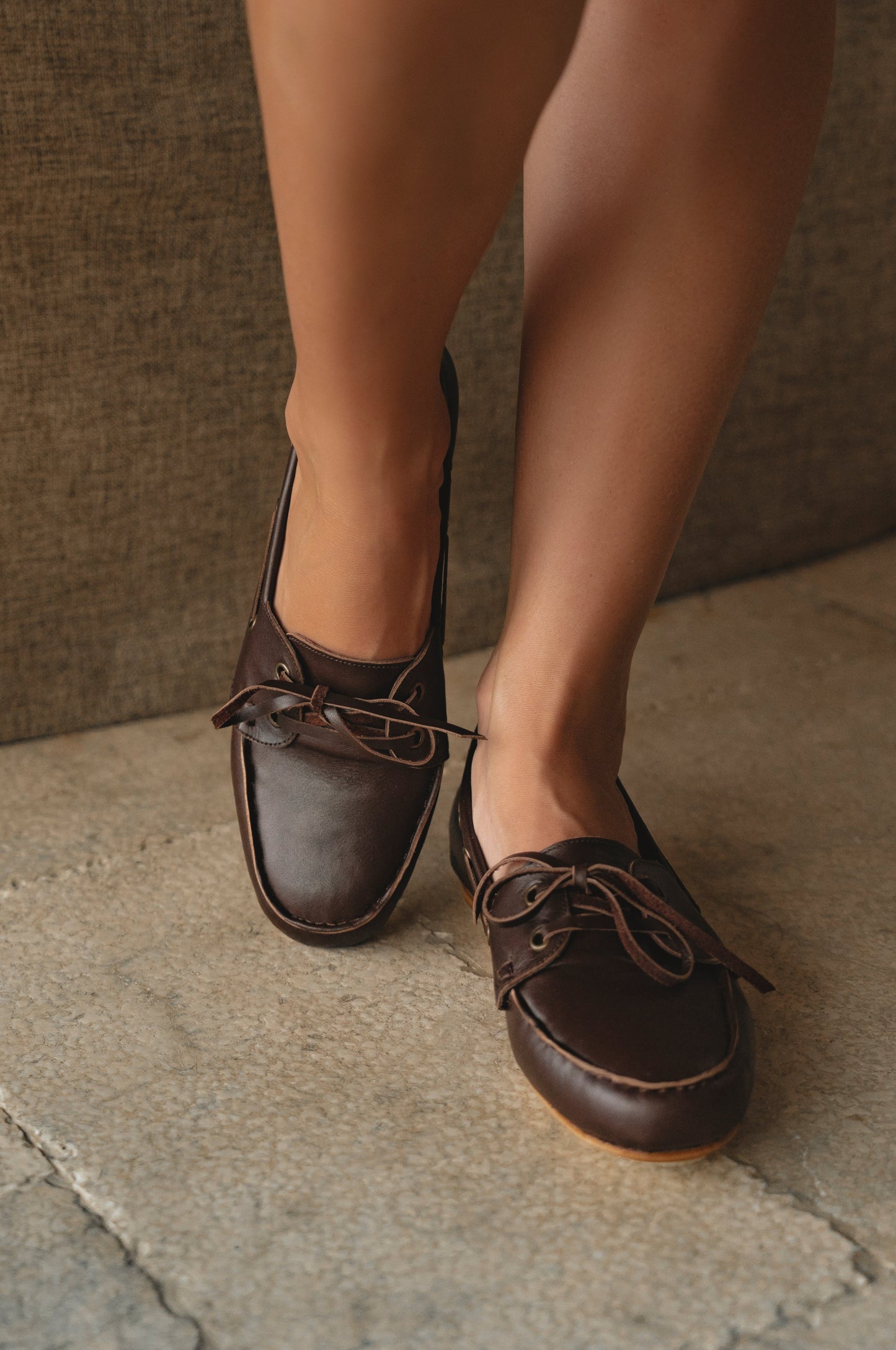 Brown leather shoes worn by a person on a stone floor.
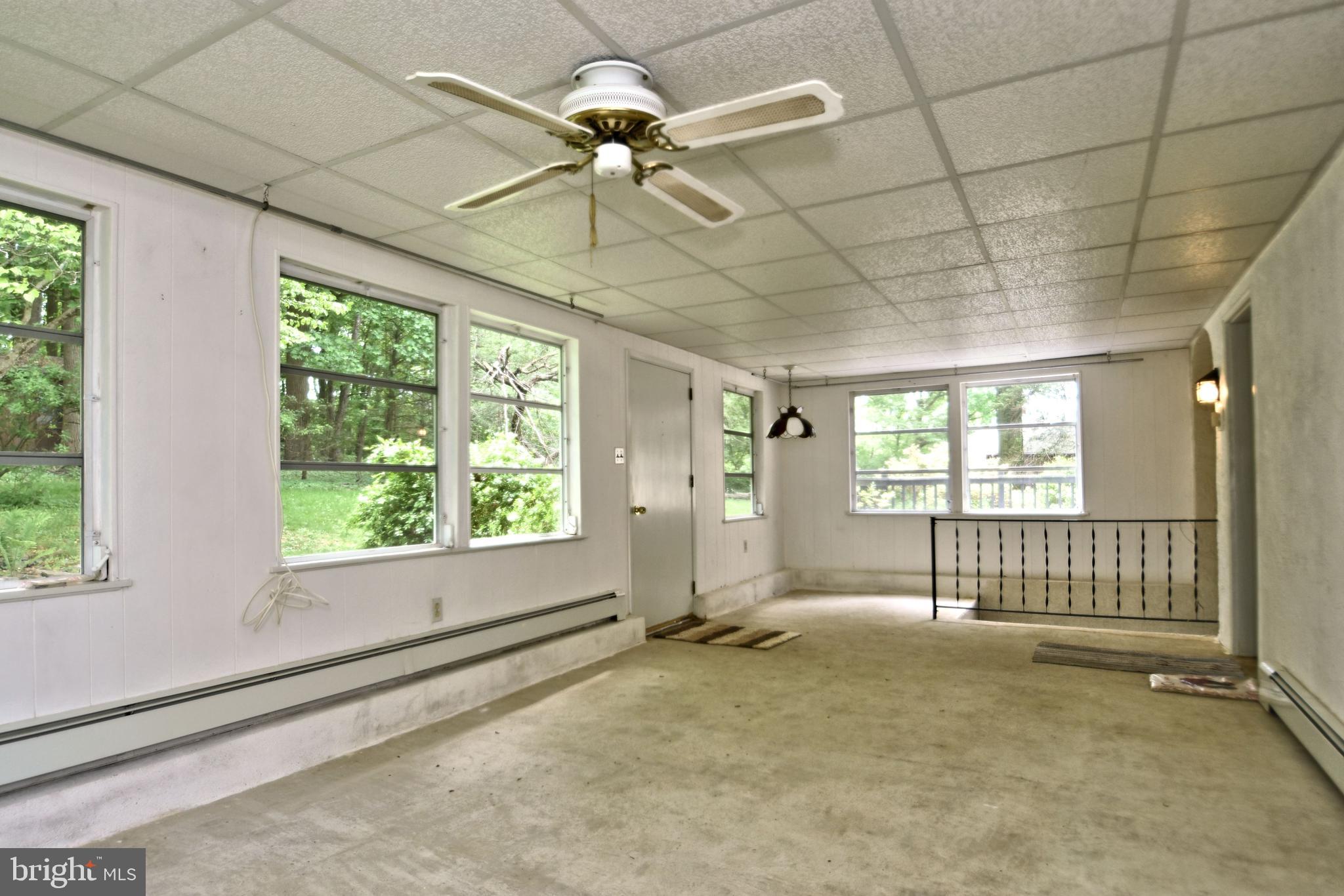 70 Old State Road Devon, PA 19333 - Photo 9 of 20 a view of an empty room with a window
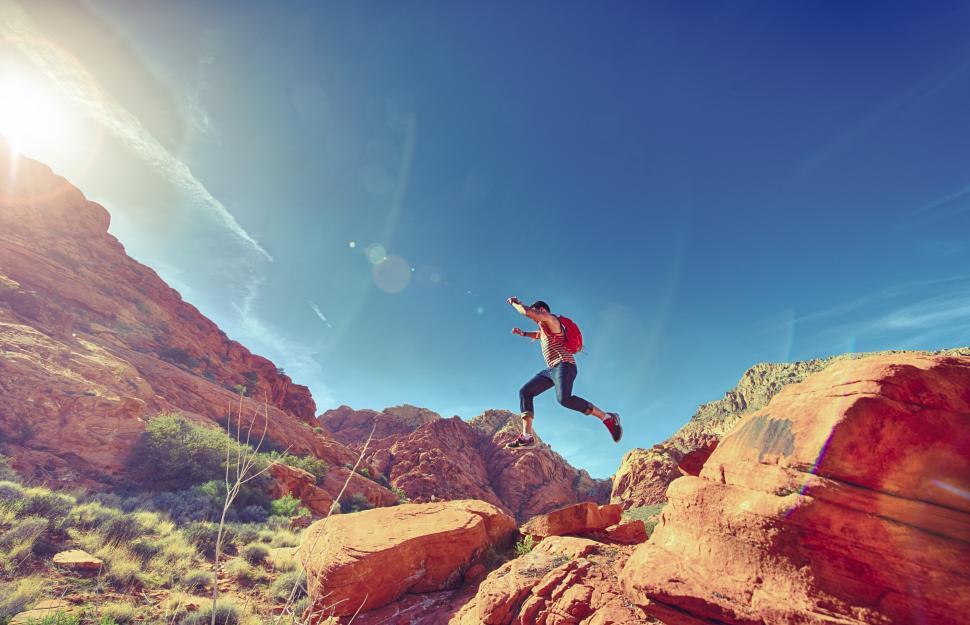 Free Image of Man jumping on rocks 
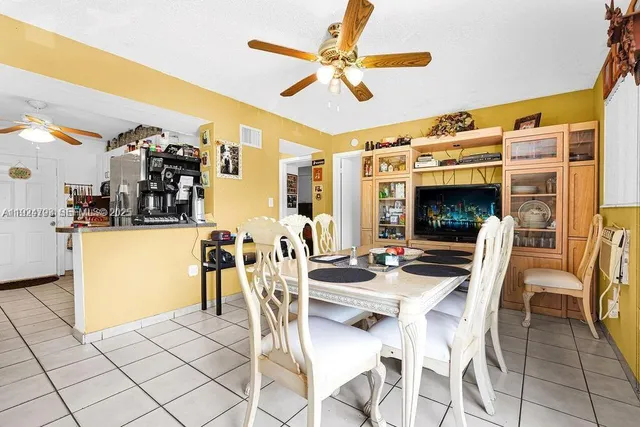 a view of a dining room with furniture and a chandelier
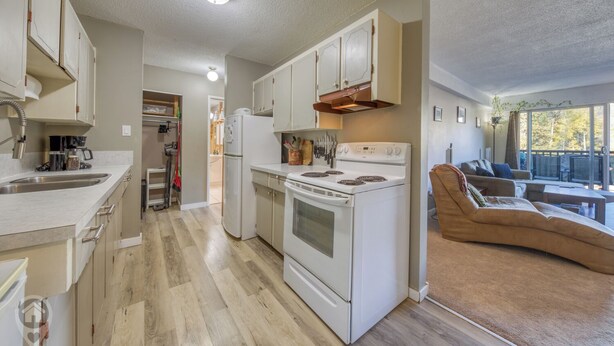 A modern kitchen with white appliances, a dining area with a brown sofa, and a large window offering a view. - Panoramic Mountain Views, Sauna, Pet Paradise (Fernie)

Exercise details » The listing should be transcribed exactly. No picture is to appear in the transcription.

Response area »
 Brown leather shoes worn by a person on a stone floor.
 70 Old State Road Devon, PA 19333 - Photo 9 of 20 a view of an empty room with a window
 Free Image of Man jumping on rocks 
 a view of a dining room with furniture and a chandelier
 A modern kitchen with white appliances, a dining area with a brown sofa, and a large window offering a view. - Panoramic Mountain Views, Sauna, Pet Paradise (Fernie)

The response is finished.